Can you highlight the difference between DevOps and MLOps? 

MLOps is an ML engineering culture and practice that aims at unifying ML system development (Dev) and ML system operation (Ops). Practicing MLOps means that you advocate for automation and monitoring at all steps of ML system construction, including integration, testing, releasing, deployment, and infrastructure management.

An ML project team can include researchers who are not software engineers.  Machine learning is experimental in nature. It’s difficult to track what worked and what didn’t.  In addition to unit and integration tests, machine learning products require validating and evaluating the models in an ongoing manner. Models can experience a degradation in performance due to constantly evolving data profiles and the nature of data seasonality (i.e., Christmas, Weekend, Brexit, COVID-19, etc.).  Notifications need to be sent when data values deviate from expectations.


How can the performance of machine learning models be improved? 

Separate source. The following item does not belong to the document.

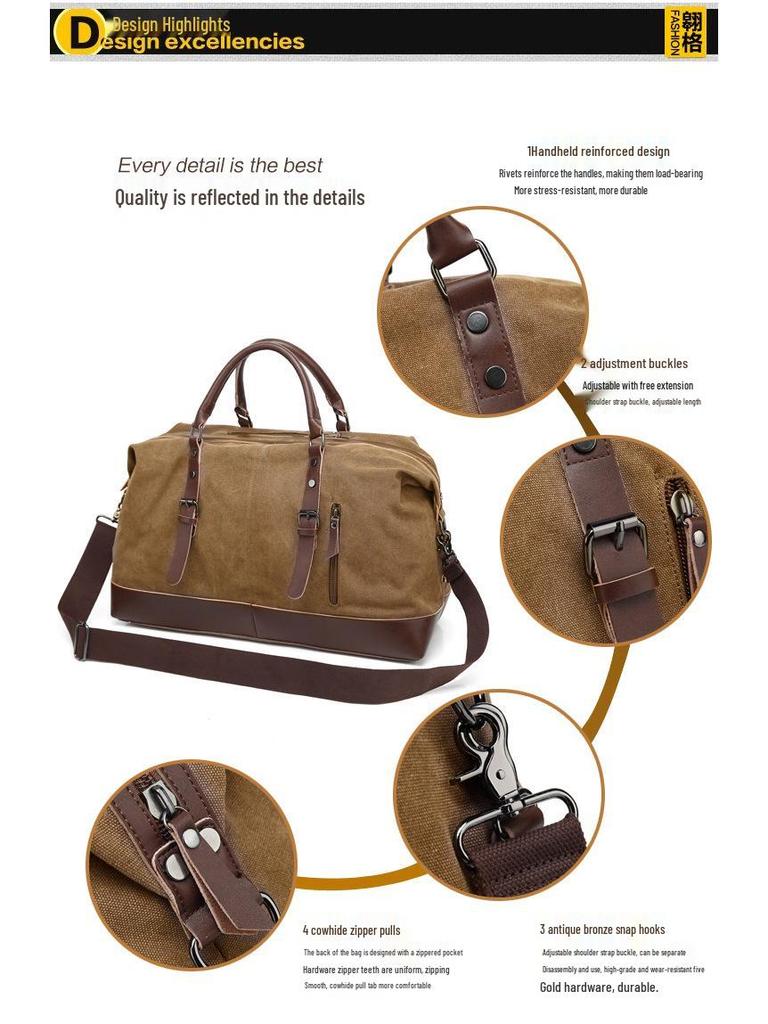 Stylish Large Capacity Unisex Travel Canvas Bag - Shoulder, Crossbody, and Handbag 3-in-1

An in-memory analytics platform, such as GigaSpaces InsightEdge that combines the power of sub-second processing speeds of your operational data, elasticity to handle peak events, and co-location of data and ML models can significantly accelerate machine learning models in production. The entire ML pipeline is automated and shortened dramatically by connecting to the core infrastructure, either cloud or on-premise, operational data sources (CRM, ERP, Operational RDBMS), and analytical data sources (DWH, Data Lake, Analytical RDBMS), while also building the feature vector, serving the model and acting based on its score. The data is shared, while the model itself is stored locally in each partition, and the feature vector is built-in production using Massively Parallel Processing to reduce data serialization and shuffling, which provides extreme performance and minimal overhead in terms of networking and OS. The streaming data can also be contextualized with external data sources, like news feeds or weather information, or object stores and file systems, like Amazon S3 or HDFS, by utilizing advanced index techniques and event triggers to accelerate this process in order of magnitude.


How can machine learning models be monitored? 

The machine learning data pipeline can be monitored to identify small problems before they affect general performance. Administration tools can be used to enable users to view performance metrics and system alerts at the cluster level, as well as measuring the model’s accuracy in production to identify problem areas immediately. Since the data used to train models becomes stale, quickly continuous monitoring and regular training of the model is essential to maintain the model’s accuracy. Monitoring tools also enable the ability to control versions and apply A/B testing, blue-green deployments, and Canary testing capabilities with no downtime, thus providing higher levels of validation and effectiveness.